Exercise objective = Your reply must contain the lines from the one with "台北東區燒肉 - 第27張圖" through the last line of the material, exact and complete, with no pictures and no other text.

Records for this exercise =
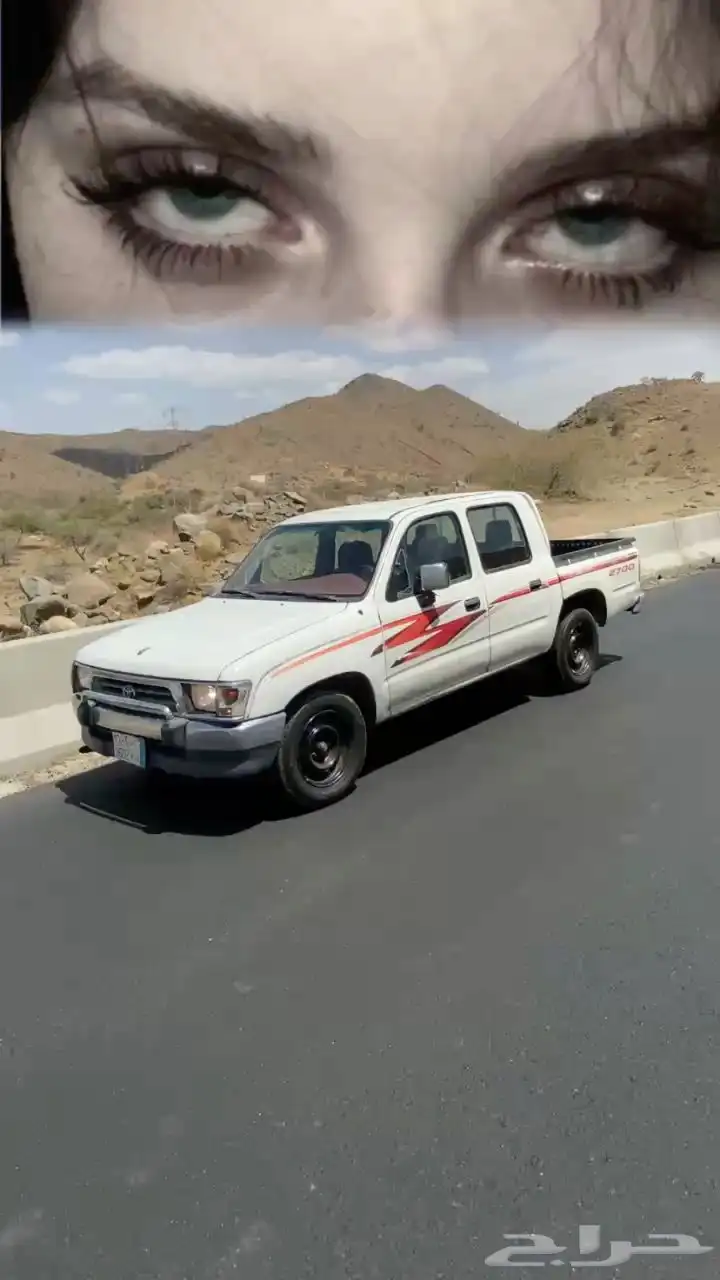 هايلكس 99 index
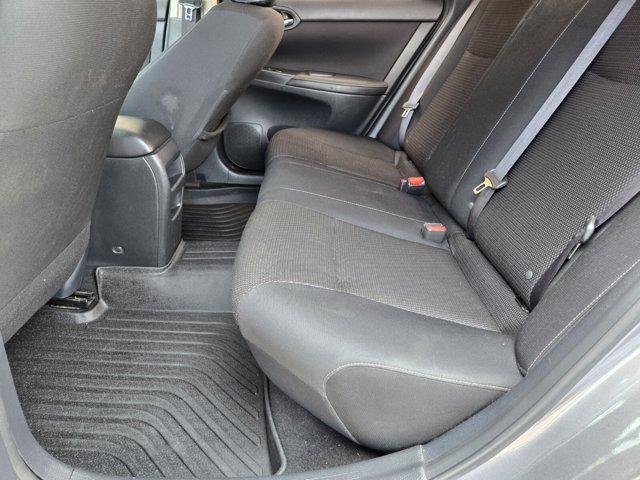 used 2019 Nissan Sentra car, priced at $8,999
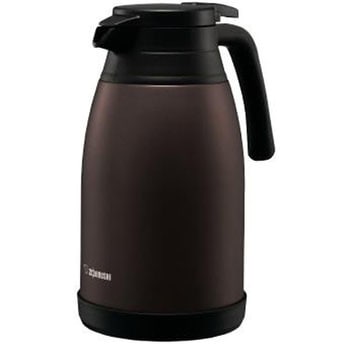 1.5L [ステンレス製] ポット エスコ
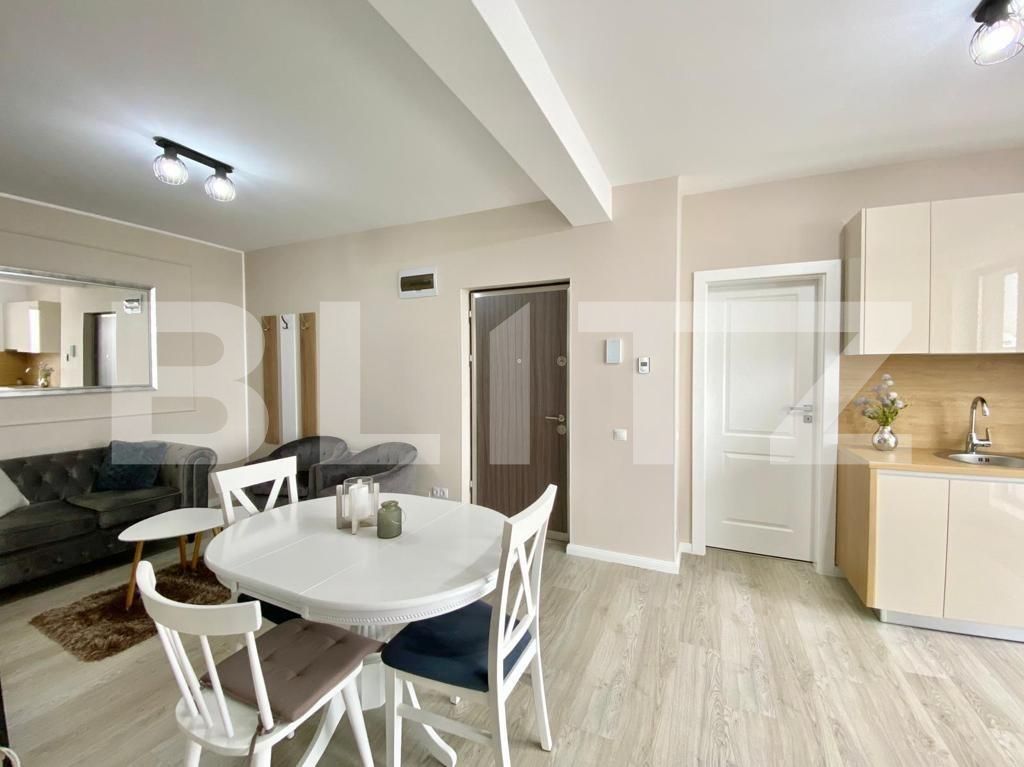 Apartament de închiriat 3 camere Zorilor - 50830AI | BLITZ Cluj-Napoca | Poza3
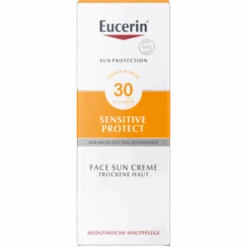 EUCERIN Sun Creme LSF 30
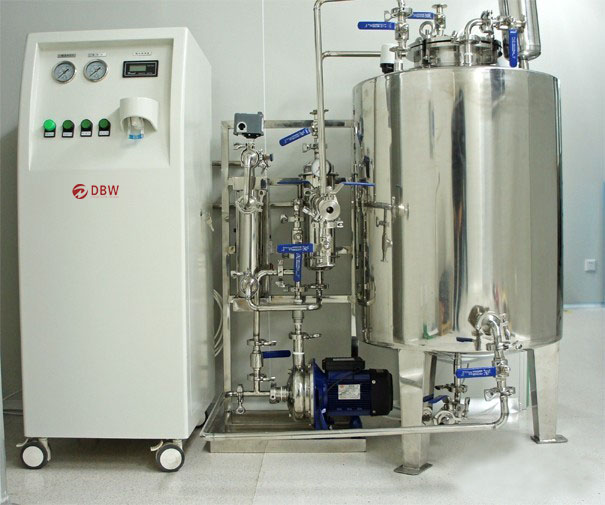 醫(yī)院檢驗(yàn)科純水機(jī)、純水設(shè)備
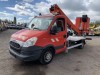 Iveco Daily Isoli PT165 - 16,5 m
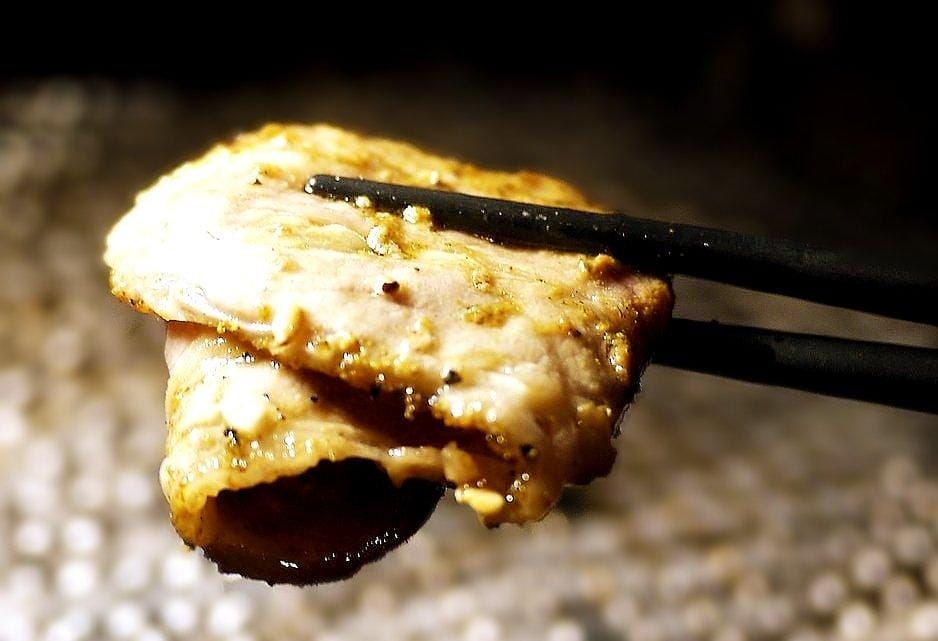 【市民大道 / 燒肉推薦】吽Home燒肉 市民店 生食級干貝 桌邊服務 .下班聚會首選 台北東區燒肉 - 第27張圖 【市民大道 / 燒肉推薦】吽Home燒肉 市民店 生食級干貝 桌邊服務 .下班聚會首選 台北東區燒肉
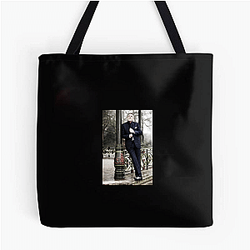 Hugh Laurie is an English actor Hugh Laurie Bags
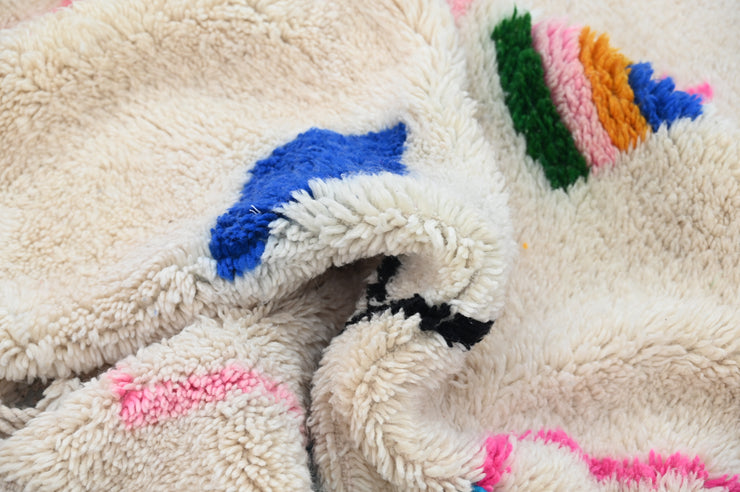 GRANDE Tappeto Azilal, 310 x 190 cm, GO-787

Output for this task =
 【市民大道 / 燒肉推薦】吽Home燒肉 市民店 生食級干貝 桌邊服務 .下班聚會首選 台北東區燒肉 - 第27張圖 【市民大道 / 燒肉推薦】吽Home燒肉 市民店 生食級干貝 桌邊服務 .下班聚會首選 台北東區燒肉
 Hugh Laurie is an English actor Hugh Laurie Bags
 GRANDE Tappeto Azilal, 310 x 190 cm, GO-787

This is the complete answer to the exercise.